Below, please find a graphical representation of Michael Morse's 2013 season.Morsegraph

Got it? OK.

The latest, from the Baltimore Sun's Dan Connolly: five days ago, Michael Morse underwent scheduled surgery to remove a bone outgrowth in his left wrist. Doctors who evaluated the injury believe that it was caused by a traumatic event sometime in May and impeded Morse's swing mechanics for the rest of the season, likely sapping much of his power.

For what it's worth (not necessarily a whole lot), Morse's month-by-month splits support the doctors' theory.

4/1 to 5/31 189 8.5% 24.3% .214 .284 .789
6/1 to 9/22 146 4.1% 28.0% .108 .216 .477

Keeping in mind that we're dealing with samples of less than 200 PA here, the ISO difference is pretty striking. Had Morse maintained his April-May ISO over the whole season, his nearest neighbors on the power leaderboards would've been Jay Bruce and Jayson Werth. By contrast, the players whose full-season ISOs best matched Morse's June-September numbers were Yunel Escobar and Starlin Castro. That's a big difference, especially for a player whose one plus skill is power.

The instinctive reaction to this news - the easy reaction - is "that's so Mariners". Of course the team's big offensive add of the winter would look good for 200 PA and then develop a mysterious power-sapping wrist growth. Of course he'd raise our collective hope as fans, only to take a nosedive off the Cliffs of Disabledlistitude. What else did we think was going to happen? Mariners!
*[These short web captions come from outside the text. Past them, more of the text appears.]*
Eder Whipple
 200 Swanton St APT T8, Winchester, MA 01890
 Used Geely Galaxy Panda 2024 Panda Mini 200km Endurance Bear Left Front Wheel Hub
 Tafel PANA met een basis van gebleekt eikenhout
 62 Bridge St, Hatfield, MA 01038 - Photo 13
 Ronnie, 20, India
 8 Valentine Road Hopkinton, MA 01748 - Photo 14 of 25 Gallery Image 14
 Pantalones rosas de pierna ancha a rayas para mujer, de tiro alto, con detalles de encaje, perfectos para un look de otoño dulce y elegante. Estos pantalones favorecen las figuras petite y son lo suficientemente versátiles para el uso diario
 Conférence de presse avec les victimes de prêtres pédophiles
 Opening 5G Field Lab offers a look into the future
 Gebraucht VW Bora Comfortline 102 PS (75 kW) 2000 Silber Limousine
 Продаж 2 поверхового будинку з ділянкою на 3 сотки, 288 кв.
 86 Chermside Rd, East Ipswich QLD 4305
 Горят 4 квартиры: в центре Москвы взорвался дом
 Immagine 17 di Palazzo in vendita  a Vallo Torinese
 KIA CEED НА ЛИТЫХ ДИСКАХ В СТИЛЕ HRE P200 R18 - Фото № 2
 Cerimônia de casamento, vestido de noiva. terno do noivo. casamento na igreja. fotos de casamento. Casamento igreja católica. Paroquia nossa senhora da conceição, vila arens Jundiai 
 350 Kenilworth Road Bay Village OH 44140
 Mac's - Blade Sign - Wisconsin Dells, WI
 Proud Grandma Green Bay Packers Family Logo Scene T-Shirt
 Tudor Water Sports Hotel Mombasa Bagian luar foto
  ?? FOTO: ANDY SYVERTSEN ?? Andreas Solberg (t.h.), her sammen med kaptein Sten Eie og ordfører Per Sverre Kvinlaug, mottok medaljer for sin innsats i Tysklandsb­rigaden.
The thing is, though: this wasn't bad luck. This wasn't unpredictable. Michael Morse has cracked 500 PA once in his entire career. He's produced more than 0.5 WAR in a season once in his entire career. Quite simply, the guy just can't stay on the field for an entire season. For all of the hullabaloo that Geoff Baker raised about Morse being "a legitimate full-time mid-order presence" (as opposed to John Jaso, who was a "part time player"), Morse wasn't ever much more of a full-timer than Jaso was. He was just a different kind of part-timer - the kind that spent his time off on the DL instead of on the bench.

In table form:

2010-2013 PA wRC+
John Jaso 1287 117
Michael Morse 1635 122

Basically, swapping Jaso for Morse in any given year would net you 87 extra plate appearances and a slightly higher wRC+. To do that, the Mariners gave up two years of team control, several million dollars, and the ability to put their part-time player behind the plate instead of out in left field. It was a pretty bad idea.

I'm sorry. I don't mean to harp on the Jaso-Morse thing. The process was bad, the results were bad, and the hundreds of pages written about it have been bad. I promise this is the last time I'm going to discuss it. But there's one last important lesson we can glean from Michael Morse, and from Franklin Gutierrez, and from Erik Bedard: it's foolish to trust that players with long injury histories will stay on the field for a whole season just because they seem healthy now.

So when the Mariners sign Jacoby Ellsbury, or trade for Carlos Quentin, or hand a rotation spot to Erasmo Ramirez, don't go penciling those players in for full seasons of peak production. It's not going to happen. Instead, remember the lesson of Michael Morse, and hope that the Mariners have a backup waiting in the wings.

A backup, that is, who's better than Endy Chavez.